Because this is a very niche topic, there are few third-party reports so far. Therefore, I can only draw on my own experience as a reverse-engineering hobbyist. In my spare time, I occasionally try to analyze old computer games to bring them back to life. The source code has often been lost for decades. This work is tedious, but satisfying once you decode a piece of this cryptic text from the distant past.
With coding agents, we can now speak of a "Renaissance." In analytical questions, AI is superior to me by a factor of roughly 100:1. It was able to unlock everything under 3,000 lines of code within a few hours. Personally, I would have needed several weeks for the same task:
On the left, you see the cryptic starting point. The agent is given 3,000 lines of this. On the right, in the comments, is the agent's analysis of the code after several hours of work.
Of course, AI often lacks context, and many of its assessments remain general at first. That’s exactly where I come in to help it along.
I also tested the agent by providing cryptic files from the last four decades from my hard drive with the simple question: "What is this file? Can you decode it?" Even here, the agent often identifies the encoding effortlessly and writes suitable extractors.

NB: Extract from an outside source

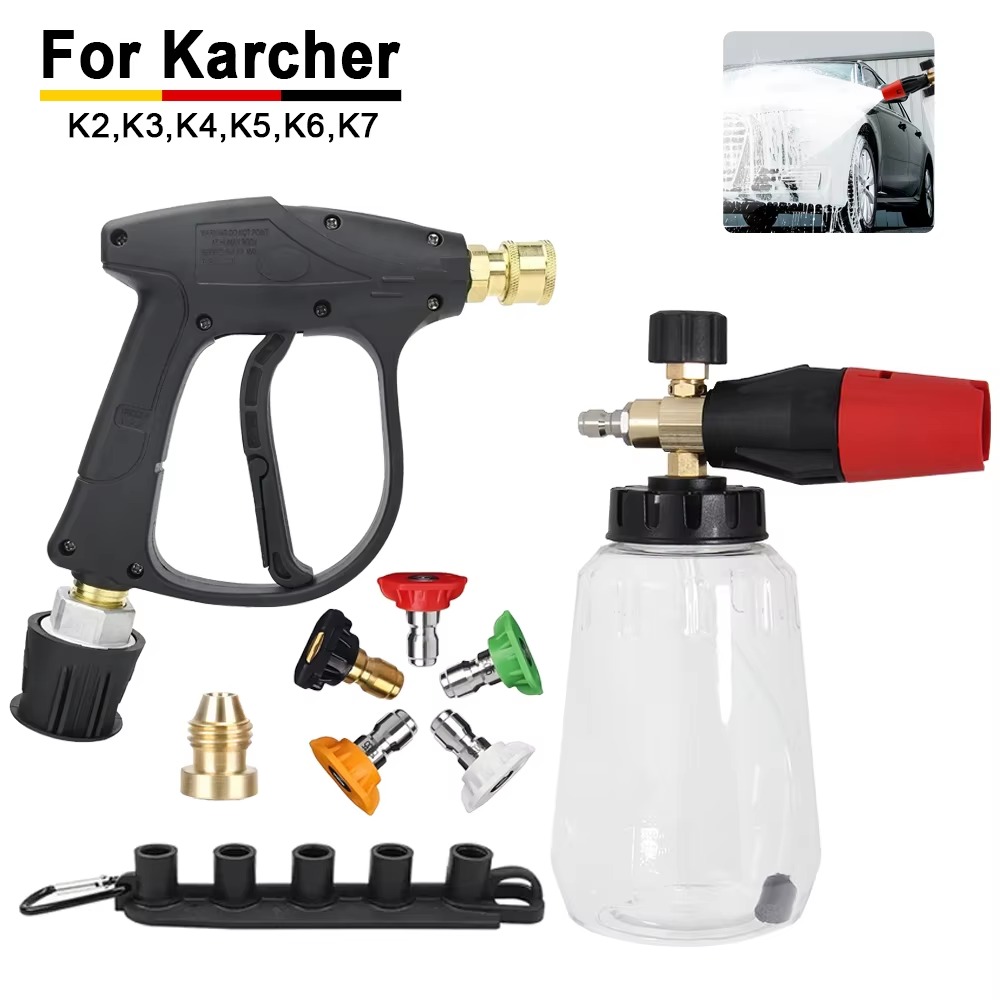 Pressure Washer Foam Gun - Kit de Lança de Espuma de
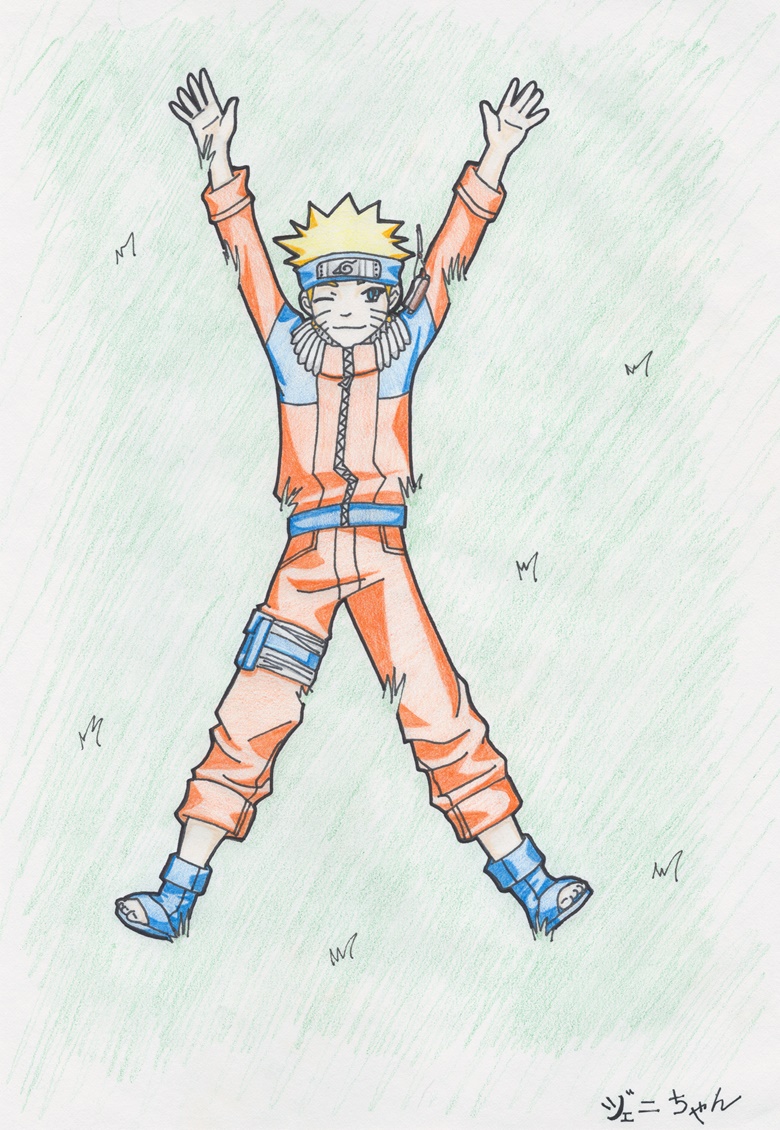 NARUTO Art.[Traditional pencil Art]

The capabilities of these early agents suggest to me that reverse engineering will no longer be a fundamentally unsolved problem in the software industry in the long run. While the task is highly complex, it has one decisive advantage: the result is relatively easy to verify and thus trainable. The only thing that matters is whether the reconstructed code behaves like the original. Because finished code can be compiled and given to the AI to reconstruct, there is practically unlimited training material available.
It is also remarkable that these agents have not been explicitly trained for reverse engineering. The vast amount of existing, often mediocre code seems to provide enough structure for transfer learning to take hold.
Of all the new capabilities of AI agents, this is the one that has impressed me the most: recognizing hidden structures in massive, cryptic datasets was long considered a deeply human strength. Yet, this is exactly where AI agents are now pulling ahead of us. Quietly, and almost unnoticed.